首先,我们应知道日期计算器包括哪些功能
1、明天的日期
2 、n天后的日期
3、两个日期之间的天数
我们先从第一个功能开始,首先创建一个日期的结构体,包括:年、月、日。
struct date { int day; int month; int year; };
其次来看一下解决这个问题的思想:
然后我们要写一个判断闰年的函数:
int Leap(struct date d) { int leap = false; if ((d.year % 4 == 0 && d.year % 100 != 0) || d.year % 400 == 0) leap = true; return leap; }
上述代码中,我们需要先定义两个宏
#define true 1 #define false 0
假如是闰年,便返回1,否则返回0;
接下来,我们要写一个判断今天是否为本月的最后一天的函数:
int lastdays(struct date d) { int days; int Month[12] = { 31,28,31,30,31,30,31,31,30,31,30,31 }; if (d.month == 2 && Leap(d)) days = 29; else days = Month[d.month - 1]; return days; }
上面我们先定义了一个数组,里面是每个月的天数,其中二月有28,或者29天,我们在数组中定义二月为28天,然后判断本月是否为2月且是闰年,如果是,便返回29天,否则,返回每月的天数即可;
下面便是主函数了:
int main() { struct date today, tomorrow; scanf("%d %d %d", &today.year, &today.month, &today.day); if (today.day != lastdays(today)) { tomorrow.day = today.day + 1; tomorrow.month = today.month; tomorrow.year = today.year; } else if (today.month == 12) { tomorrow.day = 1; tomorrow.month = 1; tomorrow.year = today.year + 1; } else { tomorrow.day = 1; tomorrow.month = today.month + 1; tomorrow.year = today.year; } printf("%d %d %d", tomorrow.year, tomorrow.month, tomorrow.day); return 0; }
其实当我们知道如何算明天的日期,后面两个问题也就迎刃而解了。对于第二个问题,只需要在主函数里面加循环就可以了,假如n为50的话,为非就是50个明天。

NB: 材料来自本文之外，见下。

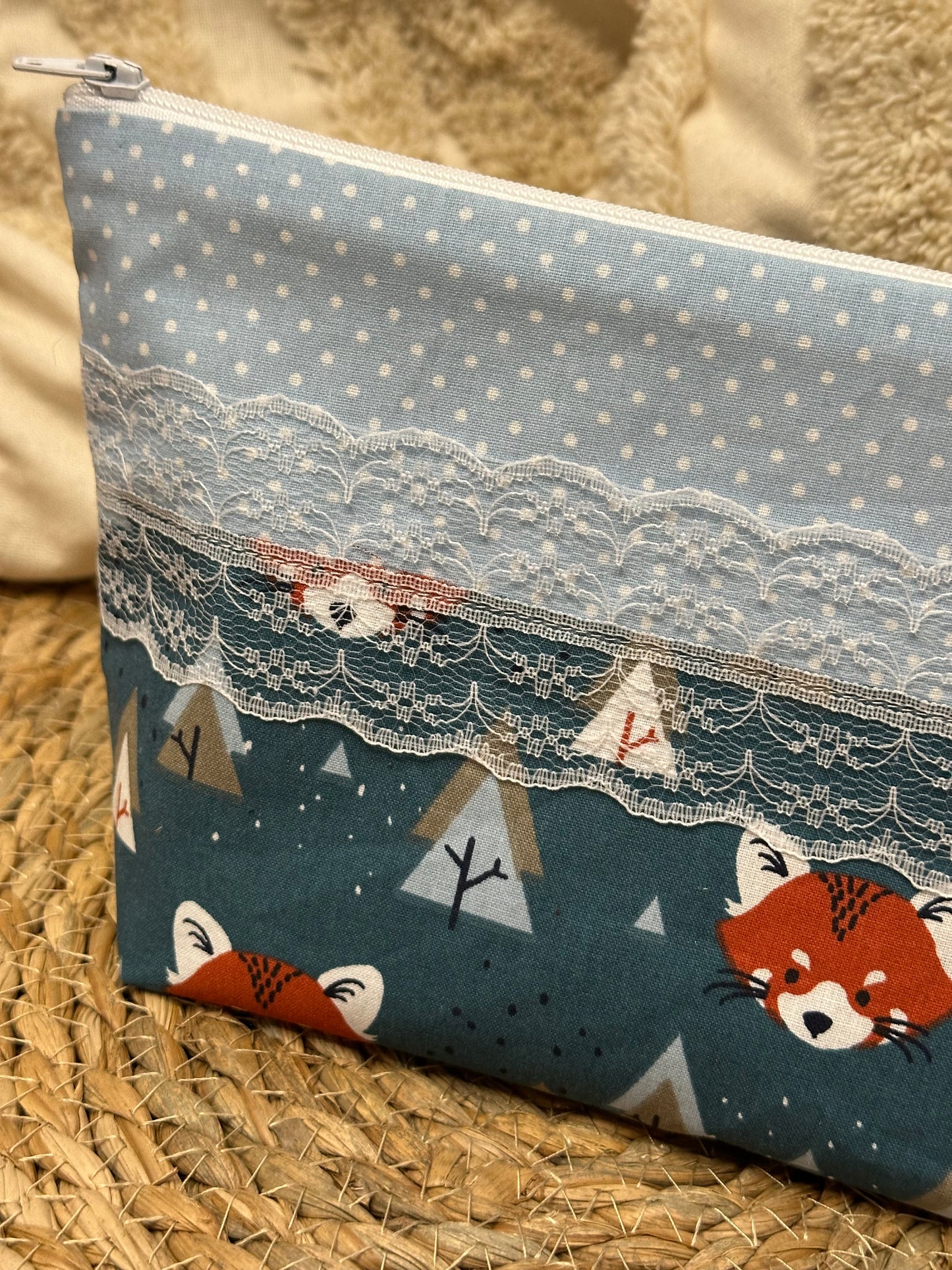 Trousse Amélia - « Animaux » Bleue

int main() { struct date today, tomorrow; int n = 0; scanf("%d %d %d", &today.year, &today.month, &today.day); scanf("%d", &n); while (n != 0) { if (today.day != lastdays(today)) { tomorrow.day = today.day + 1; tomorrow.month = today.month; tomorrow.year = today.year; } else if (today.month == 12) { tomorrow.day = 1; tomorrow.month = 1; tomorrow.year = today.year + 1; } else { tomorrow.day = 1; tomorrow.month = today.month + 1; tomorrow.year = today.year; } n--; today.day = tomorrow.day; today.month = tomorrow.month; today.year = tomorrow.year; } printf("%d %d %d\n", tomorrow.year, tomorrow.month, tomorrow.day); return 0; }
对于第三个问题,就是加一个判断,判断是否第二天是后面一天的日期,如果不是,就让count++:
int main() { struct date today, tomorrow, hou; int count = 0; scanf("%d %d %d", &today.year, &today.month, &today.day); scanf("%d %d %d", &hou.year, &hou.month, &hou.day); while (hou.year!=today.year || hou.month!=today.month || hou.day!=today.day) { if (today.day != lastdays(today)) { tomorrow.day = today.day + 1; tomorrow.month = today.month; tomorrow.year = today.year; } else if (today.month == 12) { tomorrow.day = 1; tomorrow.month = 1; tomorrow.year = today.year + 1; } else { tomorrow.day = 1; tomorrow.month = today.month + 1; tomorrow.year = today.year; } today.day = tomorrow.day; today.month = tomorrow.month; today.year = tomorrow.year; count++; } printf("%d\n", count); return 0; }这便是一个简单的日期计算器。